What this task involves: Write the listing out again word for word, skipping each picture.

Records for processing:
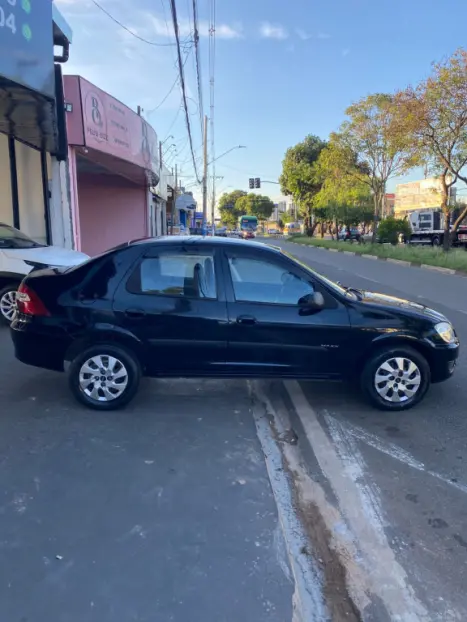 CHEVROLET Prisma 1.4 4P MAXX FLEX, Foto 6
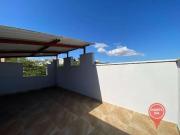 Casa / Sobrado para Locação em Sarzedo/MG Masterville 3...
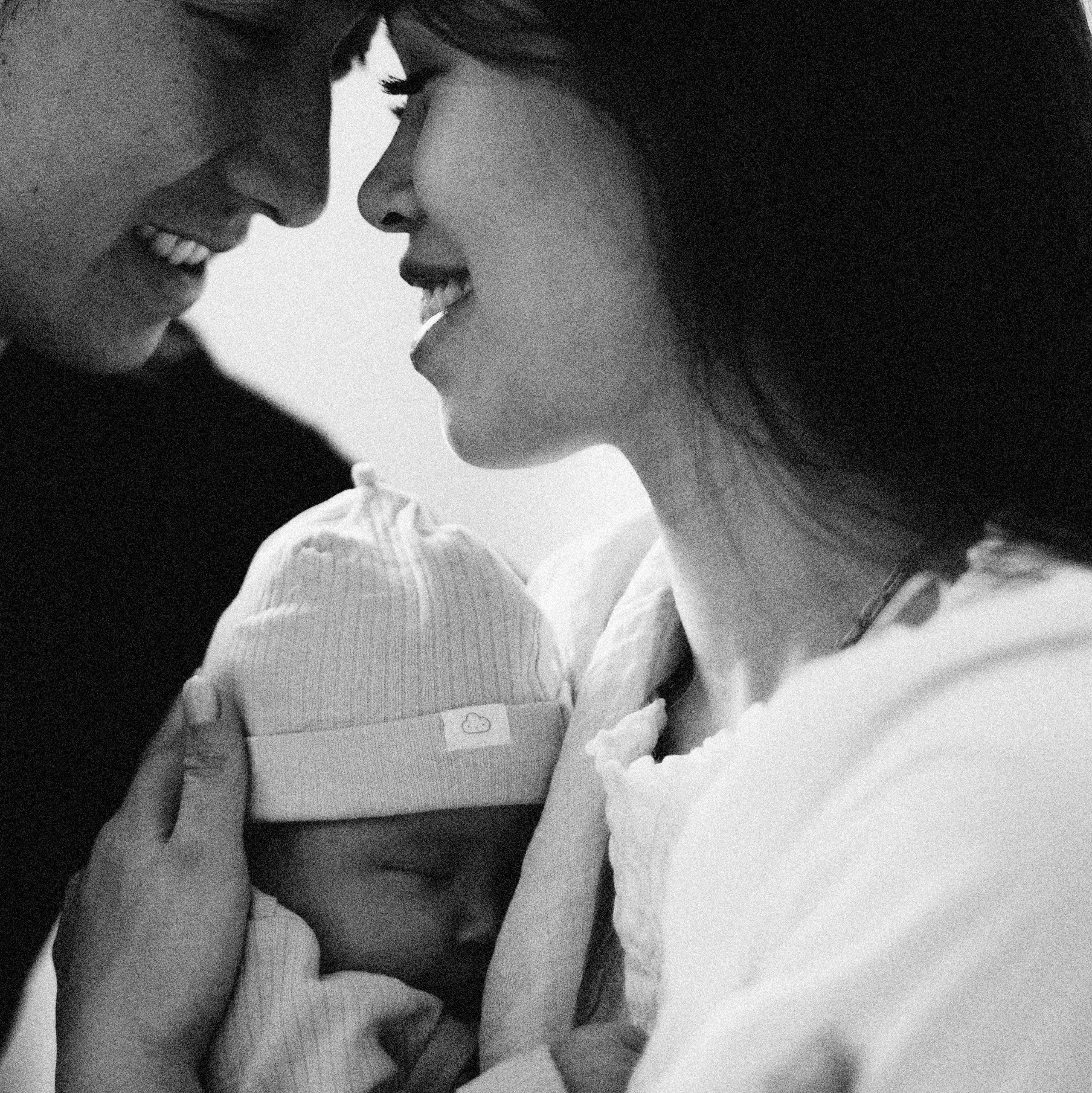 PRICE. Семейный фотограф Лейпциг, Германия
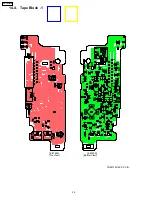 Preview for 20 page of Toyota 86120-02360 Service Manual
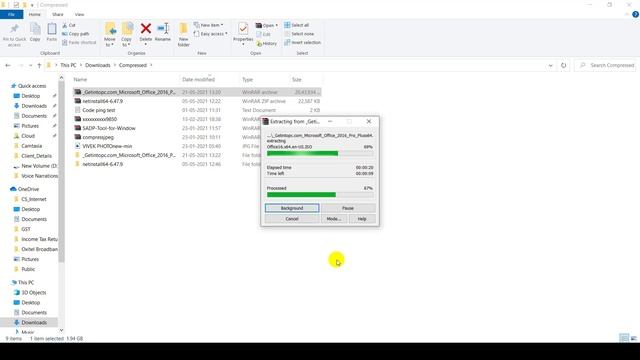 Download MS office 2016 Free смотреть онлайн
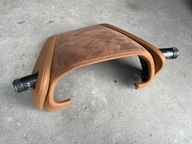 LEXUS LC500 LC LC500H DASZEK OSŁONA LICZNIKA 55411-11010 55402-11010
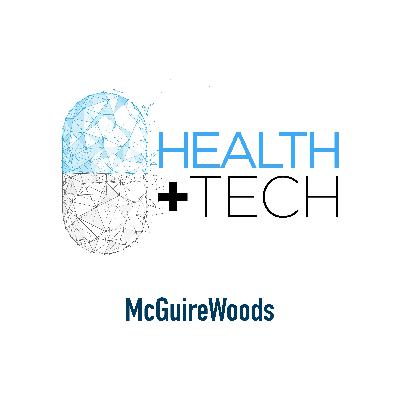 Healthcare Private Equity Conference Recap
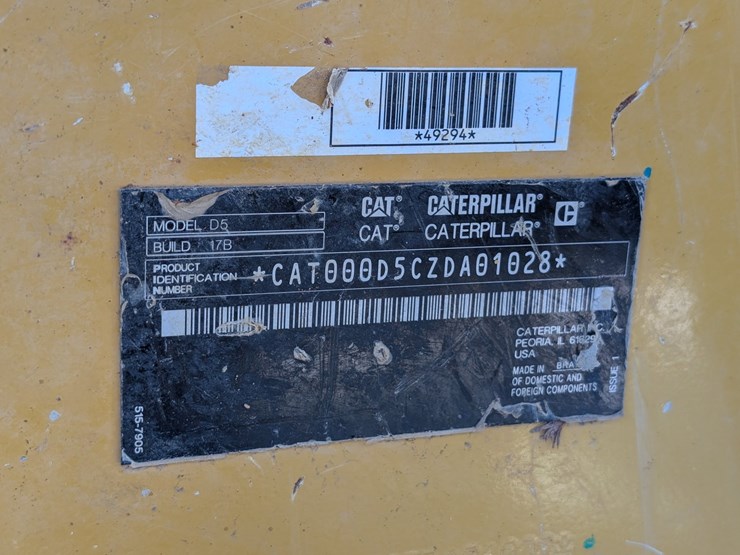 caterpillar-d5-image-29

Answer to this problem:
 CHEVROLET Prisma 1.4 4P MAXX FLEX, Foto 6
 Casa / Sobrado para Locação em Sarzedo/MG Masterville 3...
 PRICE. Семейный фотограф Лейпциг, Германия
 Preview for 20 page of Toyota 86120-02360 Service Manual
 Download MS office 2016 Free смотреть онлайн
 LEXUS LC500 LC LC500H DASZEK OSŁONA LICZNIKA 55411-11010 55402-11010
 Healthcare Private Equity Conference Recap
 caterpillar-d5-image-29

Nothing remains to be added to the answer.